La CONMEBOL fait face à des critiques au Brésil pour ne pas avoir rejoint la campagne contre le président de la FIFA, Gianni Infantino. Le journal brésilien O Globo, qui appartient à Grupo Globo, aurait qualifié sa position d’« hypocrisie » et demandé pourquoi la confédération ne s’était pas rangée aux côtés de l’UEFA. La controverse porte toutefois sur son soutien persistant à Infantino, et non sur un silence absolu concernant son projet commercial abandonné.
Les critiques visent désormais Infantino
La position attribuée à O Globo traduit la frustration suscitée par le refus de la CONMEBOL d’affronter directement Infantino. L’UEFA et la Concacaf ont réclamé un examen approfondi de la direction de la FIFA, tandis que la confédération sud-américaine s’est abstenue de remettre en cause le maintien du président à son poste. Cette distinction est devenue particulièrement importante depuis le retrait de FIFA Forward Enterprise.
La CONMEBOL a également été critiquée pour avoir attendu la fin de la journée du 31 juillet avant de rendre sa position publique. Selon Andrés Burgo dans El País, sa déclaration s’apparentait davantage à un soutien prudent et implicite à la FIFA qu’au rejet ferme exprimé par l’UEFA, la Concacaf et la Confédération asiatique de football. Le journal estimait que la CONMEBOL cherchait à prendre ses distances avec un projet en échec sans rompre ouvertement avec Infantino.

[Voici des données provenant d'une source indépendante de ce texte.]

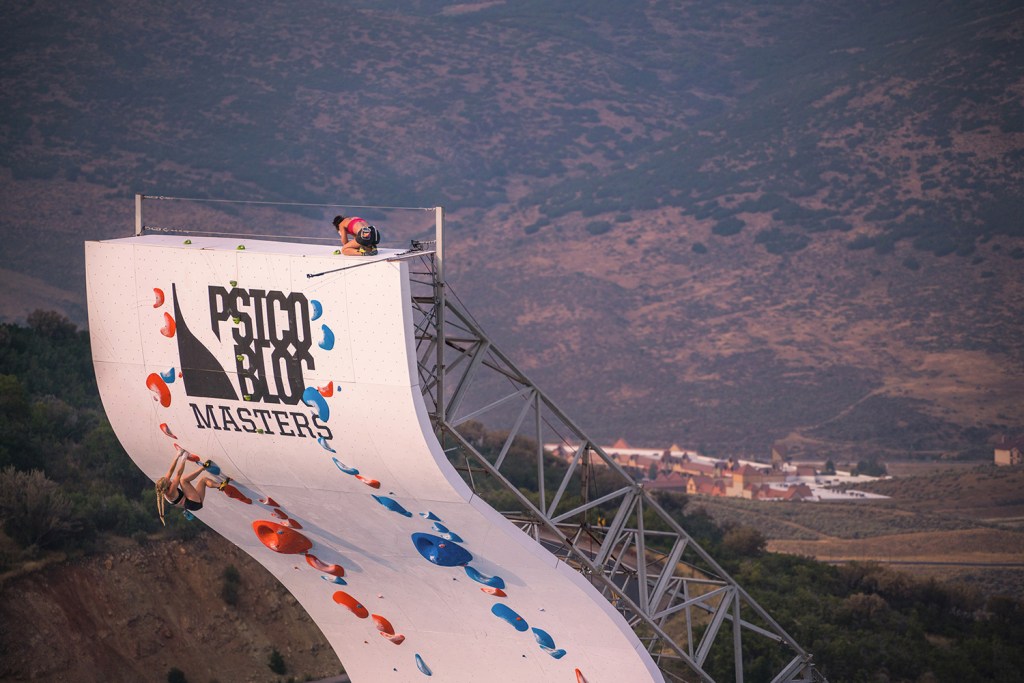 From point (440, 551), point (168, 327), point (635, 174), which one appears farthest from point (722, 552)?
point (635, 174)

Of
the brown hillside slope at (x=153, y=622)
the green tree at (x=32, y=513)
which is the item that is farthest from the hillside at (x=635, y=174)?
the green tree at (x=32, y=513)

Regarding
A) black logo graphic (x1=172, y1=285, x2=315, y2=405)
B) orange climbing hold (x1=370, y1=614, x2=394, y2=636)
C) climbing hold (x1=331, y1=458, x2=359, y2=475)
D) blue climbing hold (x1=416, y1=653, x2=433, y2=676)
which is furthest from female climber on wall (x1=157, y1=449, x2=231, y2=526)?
blue climbing hold (x1=416, y1=653, x2=433, y2=676)

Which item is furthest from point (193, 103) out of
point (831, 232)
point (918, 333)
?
point (918, 333)

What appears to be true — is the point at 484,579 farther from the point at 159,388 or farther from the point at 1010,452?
the point at 1010,452

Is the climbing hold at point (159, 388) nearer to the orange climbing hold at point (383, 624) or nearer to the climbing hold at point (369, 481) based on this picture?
the climbing hold at point (369, 481)

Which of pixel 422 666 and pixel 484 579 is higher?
pixel 484 579

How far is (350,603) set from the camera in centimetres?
2919

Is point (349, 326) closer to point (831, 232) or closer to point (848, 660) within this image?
point (848, 660)

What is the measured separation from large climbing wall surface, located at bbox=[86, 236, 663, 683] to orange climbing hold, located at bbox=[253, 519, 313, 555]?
0.15ft

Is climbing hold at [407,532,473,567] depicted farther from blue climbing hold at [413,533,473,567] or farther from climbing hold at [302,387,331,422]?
climbing hold at [302,387,331,422]

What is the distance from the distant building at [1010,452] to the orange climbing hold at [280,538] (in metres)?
79.0

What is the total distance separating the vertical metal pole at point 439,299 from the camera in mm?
24234

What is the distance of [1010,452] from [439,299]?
83480 millimetres

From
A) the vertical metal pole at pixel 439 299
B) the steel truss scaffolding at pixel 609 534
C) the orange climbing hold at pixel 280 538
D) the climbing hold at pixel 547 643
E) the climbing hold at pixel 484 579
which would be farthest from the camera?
the orange climbing hold at pixel 280 538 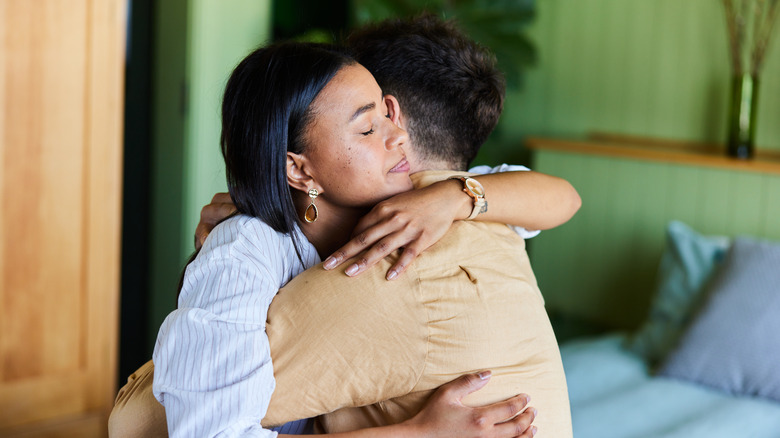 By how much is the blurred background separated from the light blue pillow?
0.31 m

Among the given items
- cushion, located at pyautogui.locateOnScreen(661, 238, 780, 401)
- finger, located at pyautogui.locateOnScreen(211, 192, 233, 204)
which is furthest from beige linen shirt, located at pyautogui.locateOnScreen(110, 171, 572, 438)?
cushion, located at pyautogui.locateOnScreen(661, 238, 780, 401)

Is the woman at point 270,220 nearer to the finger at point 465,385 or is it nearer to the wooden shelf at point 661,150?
the finger at point 465,385

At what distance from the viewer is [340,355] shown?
36.9 inches

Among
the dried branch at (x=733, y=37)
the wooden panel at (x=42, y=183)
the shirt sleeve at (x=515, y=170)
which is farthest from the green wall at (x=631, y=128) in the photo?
the wooden panel at (x=42, y=183)

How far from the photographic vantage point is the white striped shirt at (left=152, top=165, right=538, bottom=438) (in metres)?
0.90

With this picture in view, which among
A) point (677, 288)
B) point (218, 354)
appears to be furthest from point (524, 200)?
point (677, 288)

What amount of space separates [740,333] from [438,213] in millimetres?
1617

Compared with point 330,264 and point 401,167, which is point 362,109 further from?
point 330,264

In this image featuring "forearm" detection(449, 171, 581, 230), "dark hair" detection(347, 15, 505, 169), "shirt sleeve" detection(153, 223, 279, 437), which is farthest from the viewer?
"dark hair" detection(347, 15, 505, 169)

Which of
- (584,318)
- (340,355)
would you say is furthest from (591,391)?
(340,355)

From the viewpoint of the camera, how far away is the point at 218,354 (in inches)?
35.8

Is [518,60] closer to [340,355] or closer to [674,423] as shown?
[674,423]

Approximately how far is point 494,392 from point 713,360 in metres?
Answer: 1.59

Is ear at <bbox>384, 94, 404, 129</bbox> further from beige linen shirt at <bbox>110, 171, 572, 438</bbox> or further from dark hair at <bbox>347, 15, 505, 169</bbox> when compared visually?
beige linen shirt at <bbox>110, 171, 572, 438</bbox> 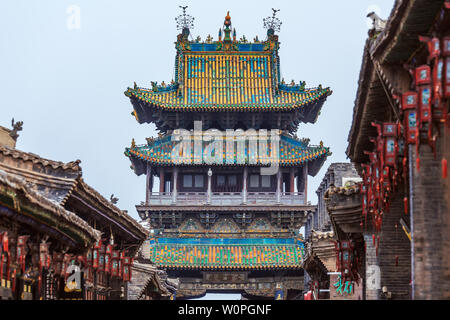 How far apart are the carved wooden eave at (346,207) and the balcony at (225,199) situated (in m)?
22.9

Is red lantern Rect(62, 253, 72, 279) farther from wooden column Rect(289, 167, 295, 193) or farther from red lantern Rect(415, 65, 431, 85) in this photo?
wooden column Rect(289, 167, 295, 193)

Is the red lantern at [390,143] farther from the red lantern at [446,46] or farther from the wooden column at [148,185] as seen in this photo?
the wooden column at [148,185]

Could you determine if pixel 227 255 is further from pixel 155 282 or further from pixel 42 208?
pixel 42 208

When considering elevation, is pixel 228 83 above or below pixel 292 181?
above

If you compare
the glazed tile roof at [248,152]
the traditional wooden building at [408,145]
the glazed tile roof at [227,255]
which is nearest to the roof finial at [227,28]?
the glazed tile roof at [248,152]

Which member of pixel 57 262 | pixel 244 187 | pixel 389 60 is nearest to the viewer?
pixel 389 60

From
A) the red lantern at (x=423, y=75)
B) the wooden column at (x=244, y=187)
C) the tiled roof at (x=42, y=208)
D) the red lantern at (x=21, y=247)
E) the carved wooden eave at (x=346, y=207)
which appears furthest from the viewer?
the wooden column at (x=244, y=187)

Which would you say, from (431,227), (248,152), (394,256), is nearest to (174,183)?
(248,152)

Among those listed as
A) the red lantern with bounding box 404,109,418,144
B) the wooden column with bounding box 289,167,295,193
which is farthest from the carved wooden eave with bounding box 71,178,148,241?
the wooden column with bounding box 289,167,295,193

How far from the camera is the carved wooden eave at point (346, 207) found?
61.1 feet

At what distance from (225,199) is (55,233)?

La CONMEBOL n’est pas restée silencieuse
Malgré les critiques, il est faux d’affirmer que la CONMEBOL n’a fait aucune déclaration sur FIFA Forward Enterprise. Selon le communiqué officiel de la CONMEBOL, l’organisation a consulté ses dix fédérations membres, convoqué une réunion de son Conseil et demandé à la FIFA des informations supplémentaires sur la structure, la gouvernance et les conséquences possibles du projet. Elle a déclaré : « Le développement du football exige des décisions de nature commerciale et financière. Toutefois, ces décisions doivent toujours servir le football et ne jamais être placées au-dessus de son essence. »
Lire aussi: Un coup de fil de 15 minutes l'a décidé : Tonali révèle pourquoi il a choisi Tottenham.

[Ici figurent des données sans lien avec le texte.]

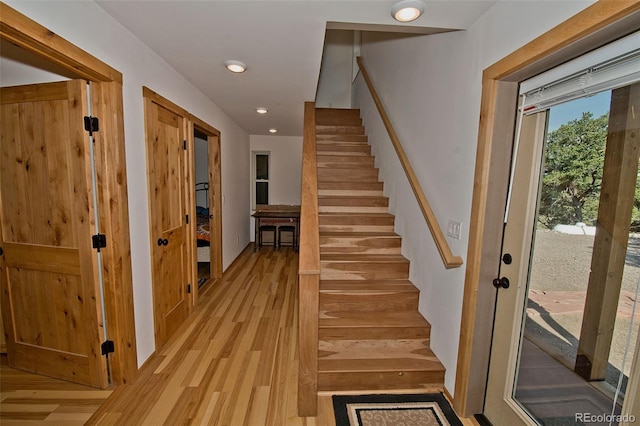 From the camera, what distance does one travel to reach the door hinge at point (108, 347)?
1844 mm

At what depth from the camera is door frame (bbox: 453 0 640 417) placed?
1.23 meters

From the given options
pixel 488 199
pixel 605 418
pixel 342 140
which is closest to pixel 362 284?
pixel 488 199

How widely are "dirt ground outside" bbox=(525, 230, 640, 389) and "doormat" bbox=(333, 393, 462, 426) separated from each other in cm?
73

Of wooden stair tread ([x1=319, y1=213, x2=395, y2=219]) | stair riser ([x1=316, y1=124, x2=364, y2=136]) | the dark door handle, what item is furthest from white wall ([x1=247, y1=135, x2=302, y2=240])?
the dark door handle

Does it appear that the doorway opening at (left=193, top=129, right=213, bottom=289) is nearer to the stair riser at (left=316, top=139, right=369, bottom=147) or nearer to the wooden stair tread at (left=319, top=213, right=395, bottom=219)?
the stair riser at (left=316, top=139, right=369, bottom=147)

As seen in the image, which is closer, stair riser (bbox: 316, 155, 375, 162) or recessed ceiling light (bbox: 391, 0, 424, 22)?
recessed ceiling light (bbox: 391, 0, 424, 22)

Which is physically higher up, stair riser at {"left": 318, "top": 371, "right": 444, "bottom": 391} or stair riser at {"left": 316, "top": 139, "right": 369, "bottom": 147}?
stair riser at {"left": 316, "top": 139, "right": 369, "bottom": 147}

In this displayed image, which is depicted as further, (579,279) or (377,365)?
(377,365)

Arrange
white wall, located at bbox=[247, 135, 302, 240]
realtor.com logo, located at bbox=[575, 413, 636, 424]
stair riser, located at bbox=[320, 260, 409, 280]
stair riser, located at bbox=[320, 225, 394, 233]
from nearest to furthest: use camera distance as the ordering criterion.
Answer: realtor.com logo, located at bbox=[575, 413, 636, 424], stair riser, located at bbox=[320, 260, 409, 280], stair riser, located at bbox=[320, 225, 394, 233], white wall, located at bbox=[247, 135, 302, 240]

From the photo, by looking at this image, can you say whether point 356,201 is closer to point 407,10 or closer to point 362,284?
point 362,284

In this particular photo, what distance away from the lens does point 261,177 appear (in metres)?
6.10

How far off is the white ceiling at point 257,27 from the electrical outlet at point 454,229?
1204 millimetres

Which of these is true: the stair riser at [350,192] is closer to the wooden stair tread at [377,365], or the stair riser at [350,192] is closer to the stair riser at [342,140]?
the stair riser at [342,140]

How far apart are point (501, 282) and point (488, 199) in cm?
48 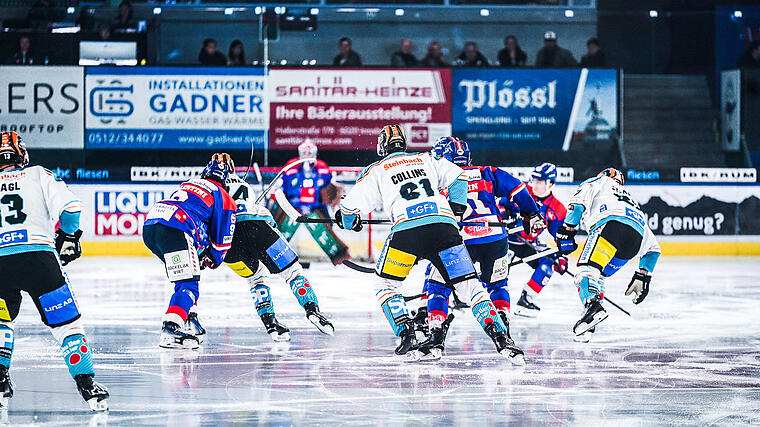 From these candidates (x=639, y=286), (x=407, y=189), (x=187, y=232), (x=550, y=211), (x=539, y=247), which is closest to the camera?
(x=407, y=189)

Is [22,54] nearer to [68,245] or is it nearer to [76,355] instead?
[68,245]

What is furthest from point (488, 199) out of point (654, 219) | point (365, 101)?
point (365, 101)

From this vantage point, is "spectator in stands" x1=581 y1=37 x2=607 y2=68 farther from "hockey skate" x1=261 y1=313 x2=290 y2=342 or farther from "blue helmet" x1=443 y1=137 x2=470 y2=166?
"hockey skate" x1=261 y1=313 x2=290 y2=342

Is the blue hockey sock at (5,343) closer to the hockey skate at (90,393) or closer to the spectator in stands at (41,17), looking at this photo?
the hockey skate at (90,393)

Le communiqué ne soutenait pas le projet, même s’il évitait le langage catégorique employé par l’UEFA. Selon l’article d’Infobae consacré à l’intervention de la CONMEBOL, des sources de la FIFA estimaient que la demande d’éclaircissements avait aidé à convaincre Infantino qu’il ne disposait pas d’un soutien suffisant. Les réserves de la CONMEBOL pourraient donc avoir contribué à l’abandon du projet malgré son refus de condamner personnellement le président.

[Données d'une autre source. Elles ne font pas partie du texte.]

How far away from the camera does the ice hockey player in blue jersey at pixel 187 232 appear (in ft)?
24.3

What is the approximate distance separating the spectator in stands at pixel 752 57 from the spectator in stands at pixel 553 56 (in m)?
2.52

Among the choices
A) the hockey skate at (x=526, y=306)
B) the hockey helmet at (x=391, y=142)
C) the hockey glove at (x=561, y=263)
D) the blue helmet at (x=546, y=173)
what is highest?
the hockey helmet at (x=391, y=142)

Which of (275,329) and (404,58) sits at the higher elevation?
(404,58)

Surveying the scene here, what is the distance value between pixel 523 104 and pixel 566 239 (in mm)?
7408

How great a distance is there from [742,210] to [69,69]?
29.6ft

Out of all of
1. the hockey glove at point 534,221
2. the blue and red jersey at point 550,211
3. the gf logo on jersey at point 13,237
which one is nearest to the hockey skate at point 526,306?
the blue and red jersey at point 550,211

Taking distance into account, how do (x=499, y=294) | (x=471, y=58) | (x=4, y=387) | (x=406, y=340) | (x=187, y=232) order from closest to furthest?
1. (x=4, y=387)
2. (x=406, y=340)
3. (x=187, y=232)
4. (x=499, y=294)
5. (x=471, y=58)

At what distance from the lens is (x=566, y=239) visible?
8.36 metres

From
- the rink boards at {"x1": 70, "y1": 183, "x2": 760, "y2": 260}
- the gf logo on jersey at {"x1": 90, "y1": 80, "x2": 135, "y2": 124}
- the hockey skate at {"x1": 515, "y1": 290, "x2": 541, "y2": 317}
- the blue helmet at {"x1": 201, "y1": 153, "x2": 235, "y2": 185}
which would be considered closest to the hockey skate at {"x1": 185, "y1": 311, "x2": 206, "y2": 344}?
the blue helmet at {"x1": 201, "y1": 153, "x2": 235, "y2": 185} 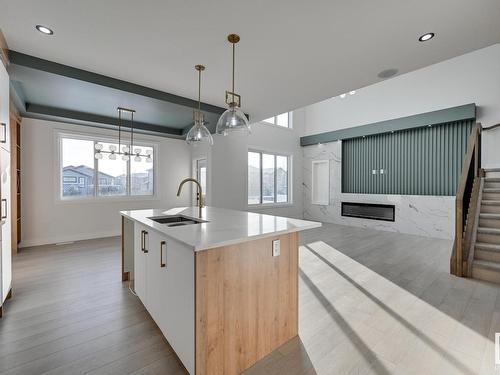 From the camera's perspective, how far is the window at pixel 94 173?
525 centimetres

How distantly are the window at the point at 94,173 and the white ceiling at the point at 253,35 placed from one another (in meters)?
2.62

Le rôle de Domínguez à la FIFA pèse sur le débat
Alejandro Domínguez dirige la CONMEBOL depuis 2016 et occupe également les fonctions de vice-président de la FIFA et de membre de son Conseil. Ce double rôle ne prouve pas l’existence d’un conflit d’intérêts formel, mais il provoque une tension politique évidente lorsque la confédération est appelée à contester la direction de la FIFA. Le spécialiste du football brésilien Andreas Knudsen a expliqué à TV 2 Sport qu’une prise de distance publique reviendrait presque, pour Domínguez, à « poignarder son patron dans le dos ».
La loyauté de la CONMEBOL envers Infantino est également antérieure à cette crise. Selon un article publié par AS, son Conseil avait unanimement soutenu en avril la gestion du président et une possible candidature pour la période 2027–2031. Le refus de rejoindre une campagne réclamant sa destitution reste donc conforme à la ligne politique précédemment adoptée.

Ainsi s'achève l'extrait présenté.